- _RECORDS_:

┌──

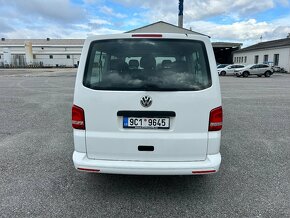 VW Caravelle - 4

└──
┌──

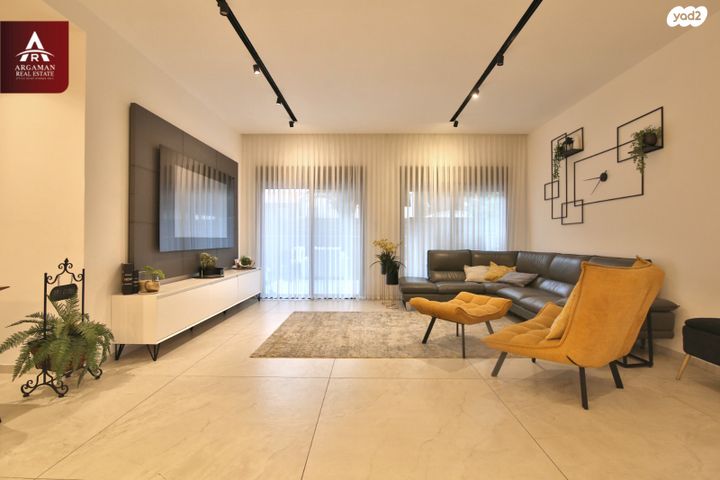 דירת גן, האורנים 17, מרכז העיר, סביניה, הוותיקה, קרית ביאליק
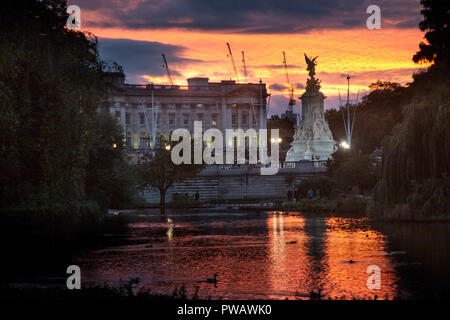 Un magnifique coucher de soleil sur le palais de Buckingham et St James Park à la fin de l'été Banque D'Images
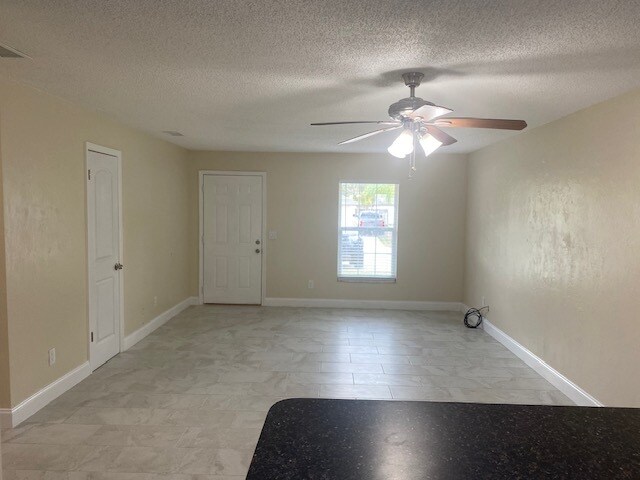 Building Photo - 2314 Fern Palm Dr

└──

- _EXERCISE OBJECTIVE_:
Output exactly those lines of the data above that run from the line with "דירת גן, האורנים" up to and including the line with "Building Photo - 2314 Fern Palm Dr". No pictures go in.

- _WRITTEN SOLUTION_:
 דירת גן, האורנים 17, מרכז העיר, סביניה, הוותיקה, קרית ביאליק
 Un magnifique coucher de soleil sur le palais de Buckingham et St James Park à la fin de l'été Banque D'Images
 Building Photo - 2314 Fern Palm Dr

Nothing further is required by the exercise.